• [INSTRUCTIONS FOR THE TASK]:
Restate word for word the lines of the records below, starting at the line that contains "Aerial view of" and ending at the line that contains "Black and white", with both of those lines included and nothing else.

• [RECORDS FOR THIS EXERCISE]:
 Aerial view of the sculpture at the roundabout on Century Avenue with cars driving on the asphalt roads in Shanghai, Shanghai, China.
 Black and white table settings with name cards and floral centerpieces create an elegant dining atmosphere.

--

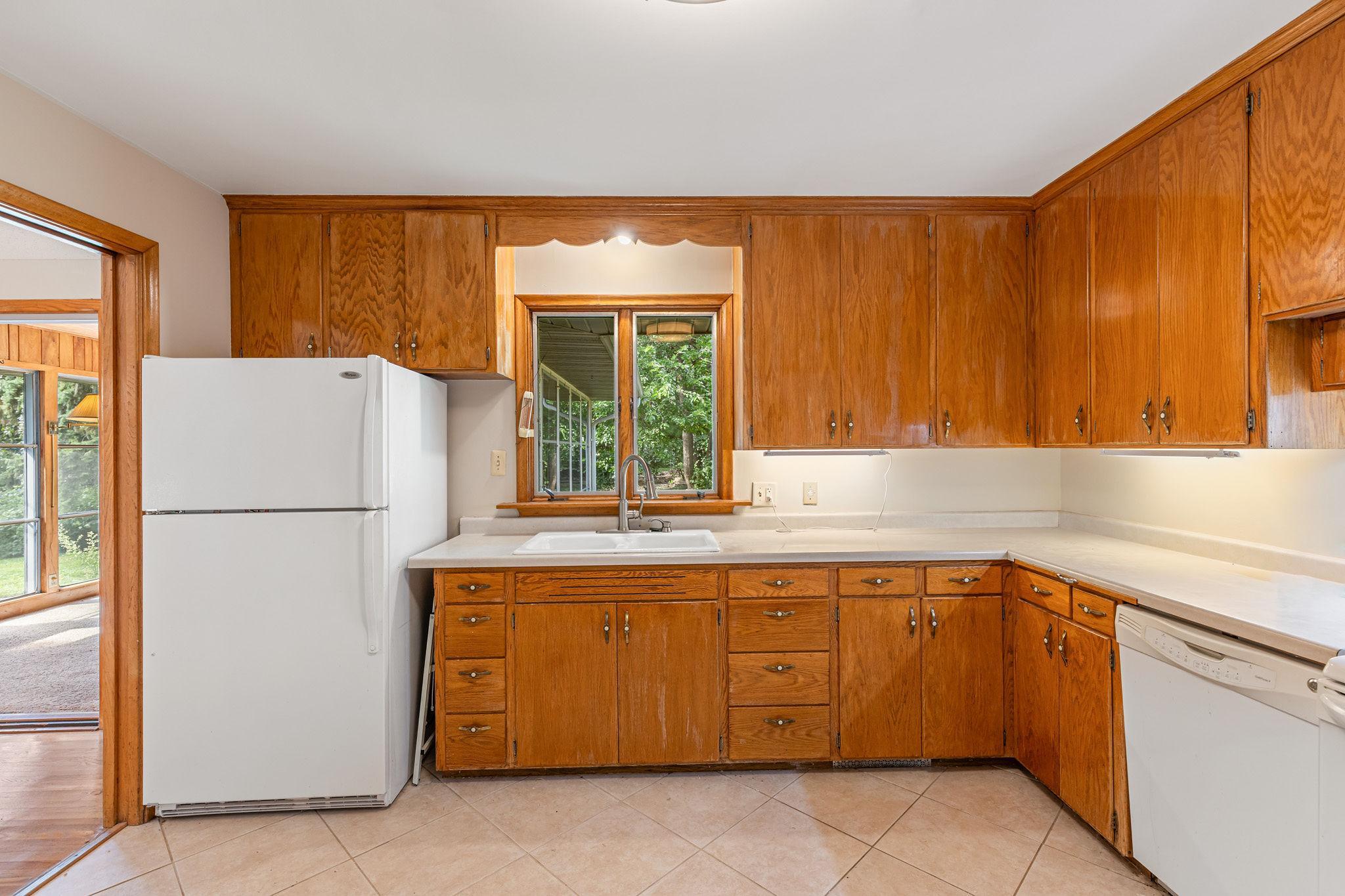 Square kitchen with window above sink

---

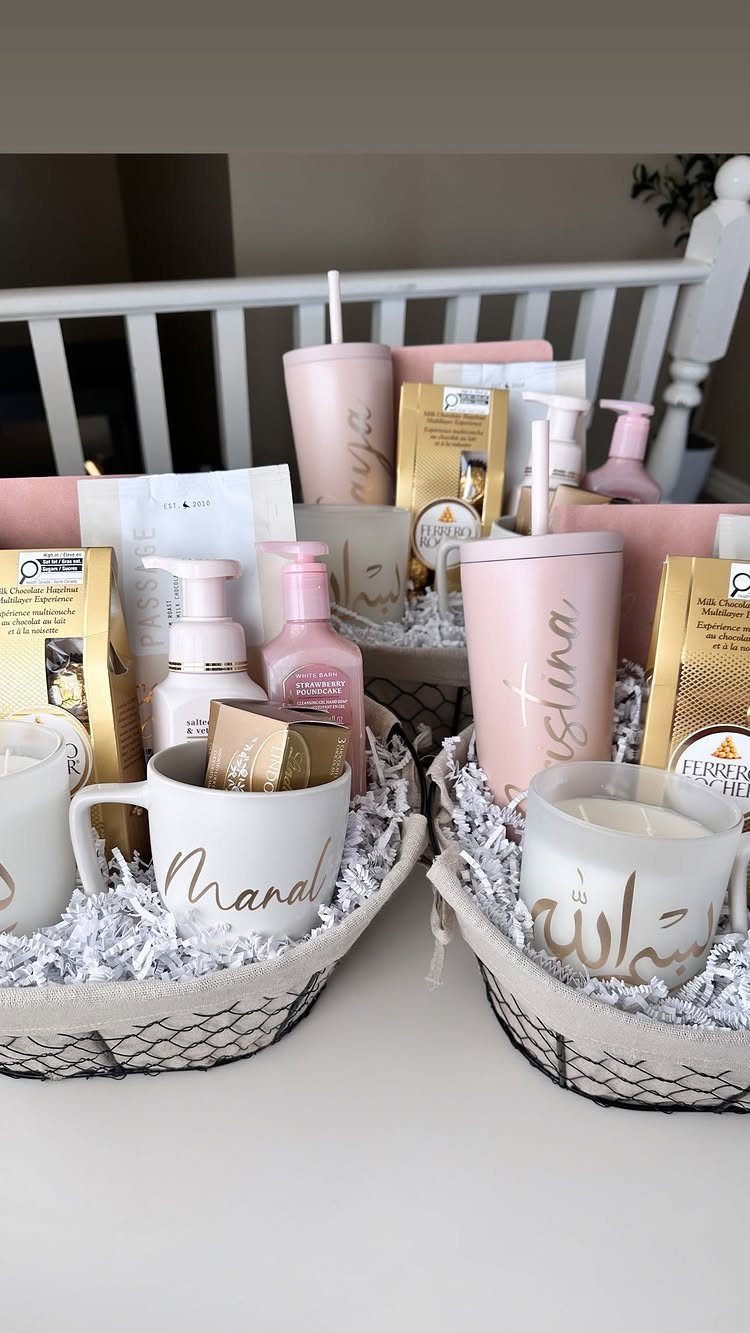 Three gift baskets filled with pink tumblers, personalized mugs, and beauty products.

• [ANSWER TO THIS TASK]:
 Aerial view of the sculpture at the roundabout on Century Avenue with cars driving on the asphalt roads in Shanghai, Shanghai, China.
 Black and white table settings with name cards and floral centerpieces create an elegant dining atmosphere.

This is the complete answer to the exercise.